Come back, still lack of content, no new races.
They changed the way tires wear
They made it so even a slight tap with the wall gives you heavy damage to wheels, body, engine.
AI just as stupid,

They should just rename this game Gran Turismo Sport 2 as it really does look like they're just focusing on online events
 
You stated it yourself, only 3 events that are even remotely comparable.

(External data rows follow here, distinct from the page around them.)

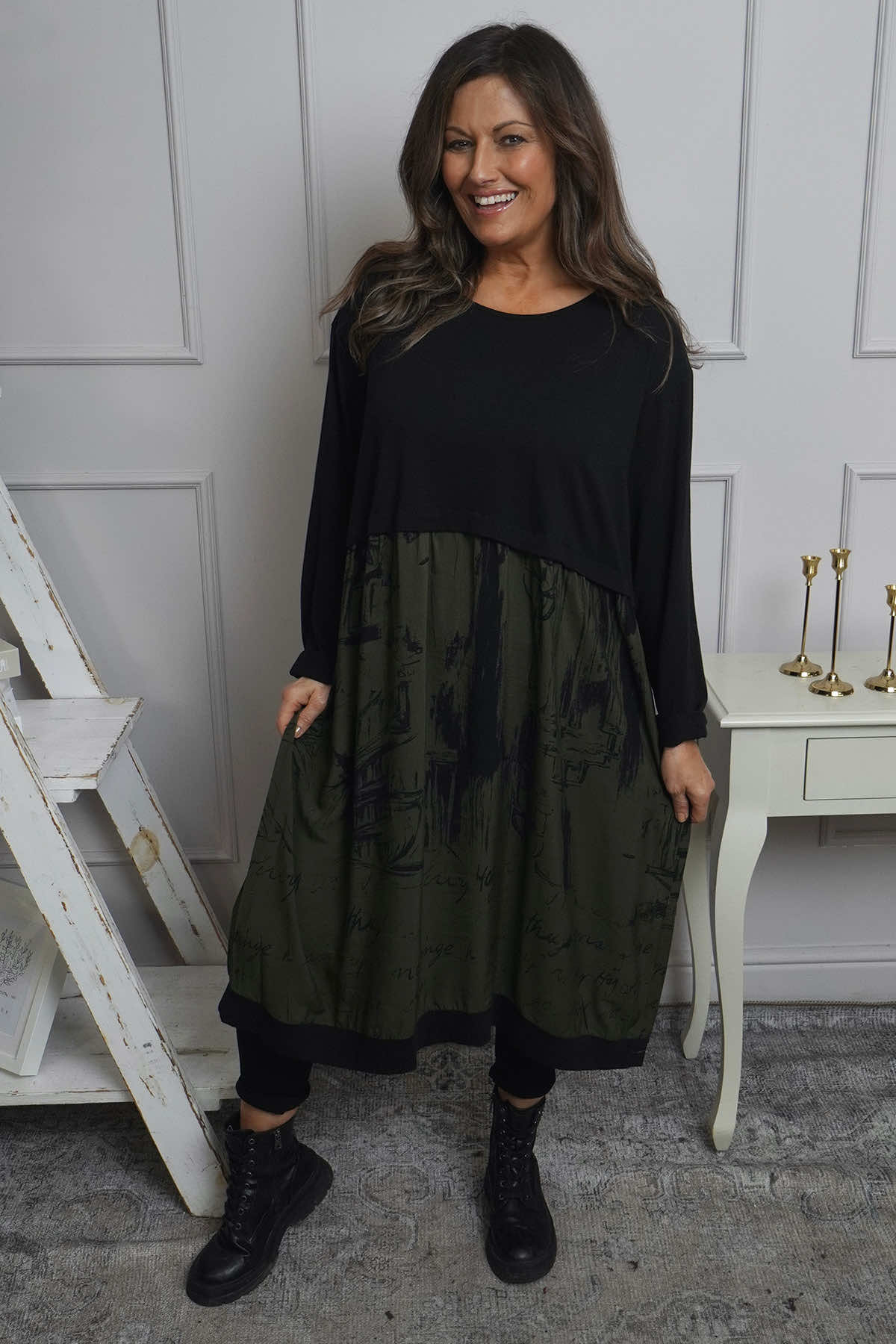 Janette Print Cotton Dress Khaki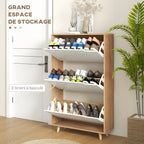 Meuble à chaussures 3 abattants avec étagère réglable, 72L x 24P x 119H cm, naturel et blanc-3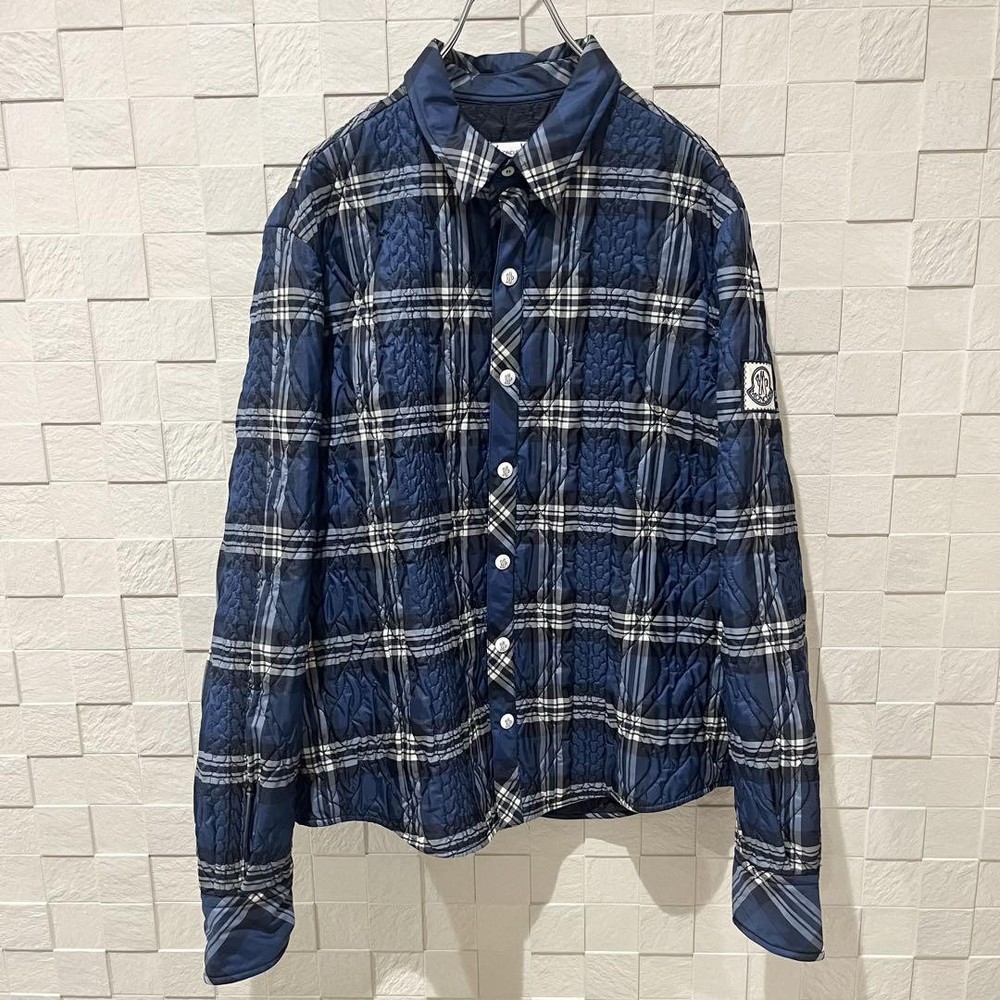 Moncler Gum Blue Quilted Shirt Jacket Regular Fit Domestic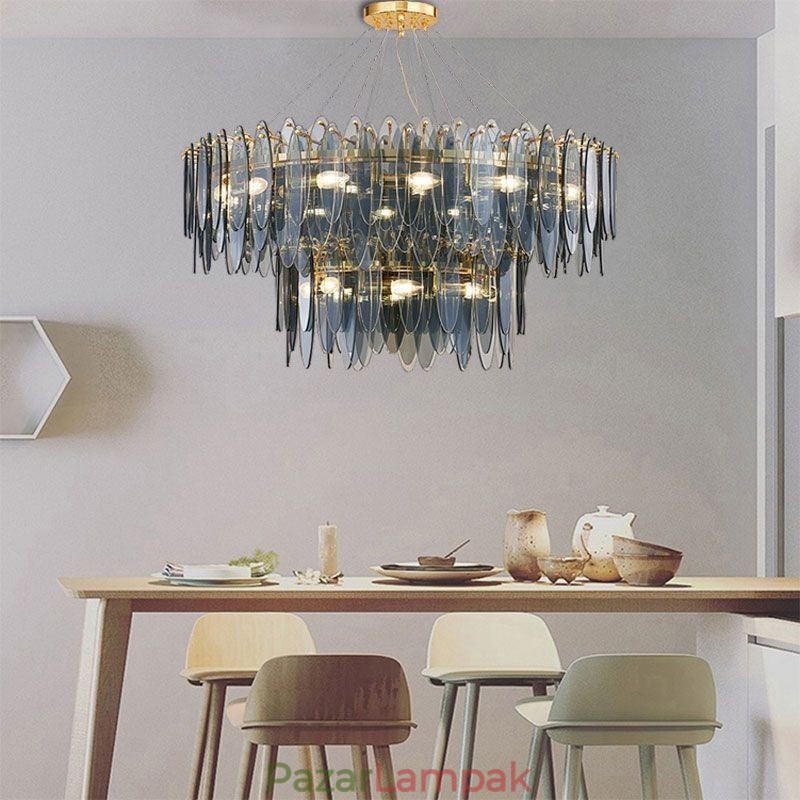 Modern, kerek üveg függesztékes fényű, elegáns üvegcsillár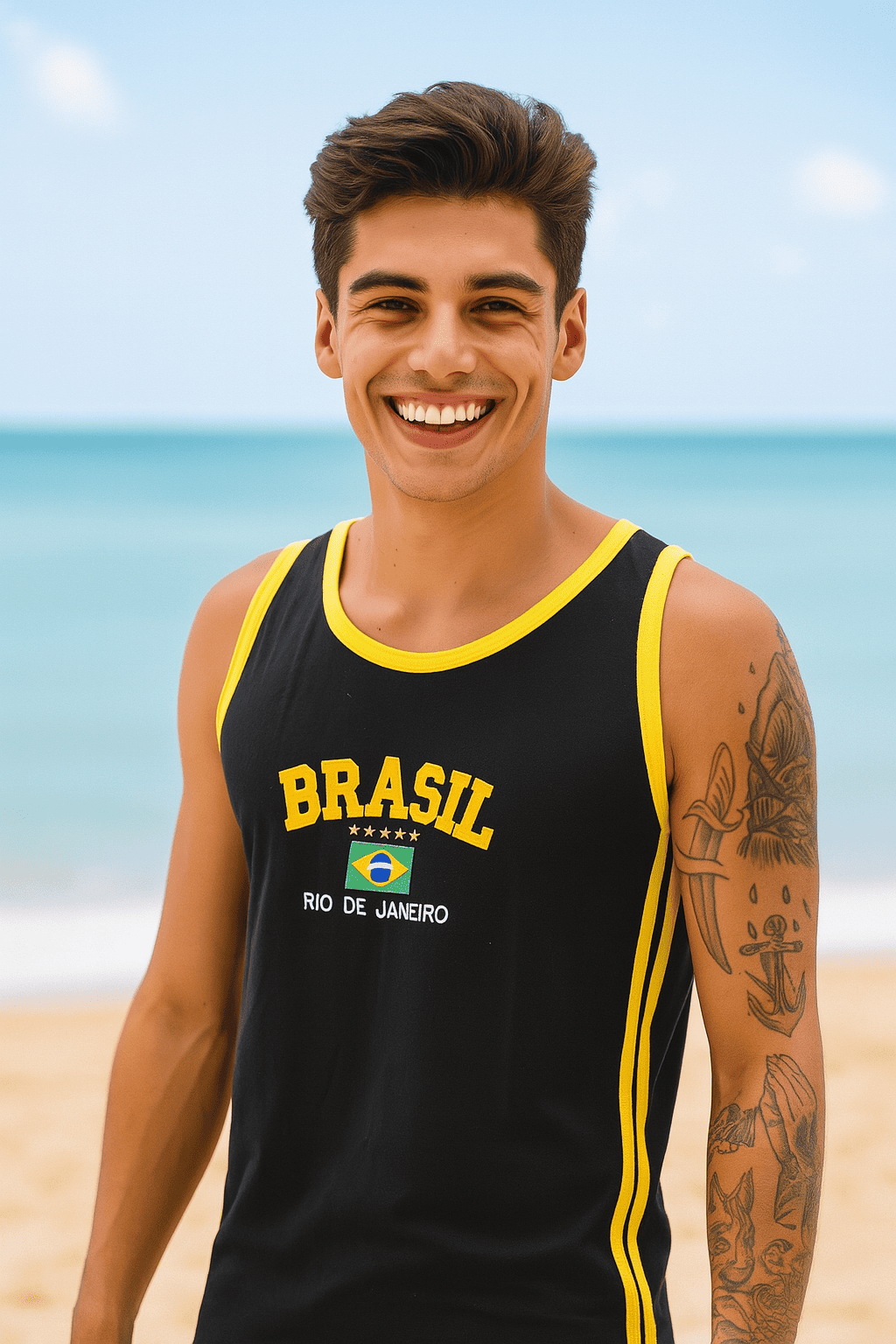 Jovem Na Praia Com Tema Brasil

Playing the game in a way that is fun and not repetitive? GT7 as it is now is not that type of game at all. The only thing I've been putting some time on is on the online Time Trials, but even the way these are designed are to be... repetitive... 1 Time Trial every 2 goddamn weeks? lol Another genius idea.
Why then still play the game when it isn’t fun?
 
Two major things.

First, none of us, not you, not me, not any player who is not part of PD, knows at all what PD is working on. Yet, here you are, assuming that a company with hundreds of people is focusing on "reparing" a glitch that players are exploiting... And to make matters worse, this is on them for not implementing it propperly in the first place. They've had many years to test all of this, and 6 months post game launch where they, I don't know, could listen to us giving feedback and actually fix the damn things for once?


As for the other... The economy of this game is mathematically cruel to its players. Even with the Tomahawk PP glitch, its still bad.
However, it's still the less time consuming way to earn credits in this game because this same PD can't bother to make evenly paying events.
And also, you mentioned... 5%? Two minutes faster? Well, let me tell you, what you stated here is wrong.

The NON-GLITCH fastest way to grind credits is about 26 minutes with some normal road tuned cars. And when I say non-glitch, I'm excluding the Chaparral 2J and the Alpine A220, which unlike the Tomahawk, are real life cars that have real life performance, but even these two cars only participate in this event with the performance they have due to this very same PP glitch. With these two cars, you do get in fact about 1-2 minutes faster, as I can run the A220 in less than 25 minutes.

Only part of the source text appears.